Leave every image out, and return the rest of the data word for word.

**Supplied data:**
────────────────────
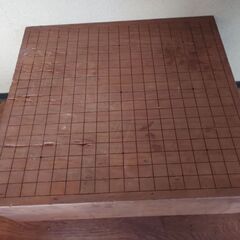 碁盤と碁石と折り畳み式の碁盤の画像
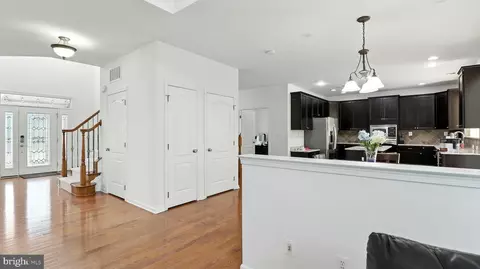 Entry Way - 43080 Addlestone Pl, Ashburn, VA 20148 photo 17 of 36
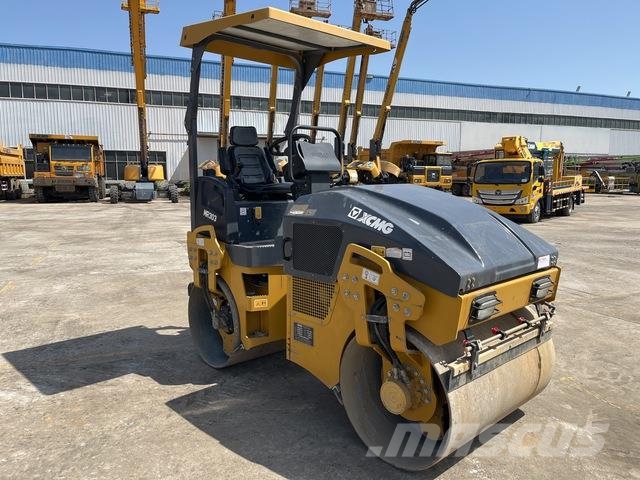 XCMG XMR303IV Rodillos de doble tambor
────────────────────
**Written reply:**
 碁盤と碁石と折り畳み式の碁盤の画像
 Entry Way - 43080 Addlestone Pl, Ashburn, VA 20148 photo 17 of 36
 XCMG XMR303IV Rodillos de doble tambor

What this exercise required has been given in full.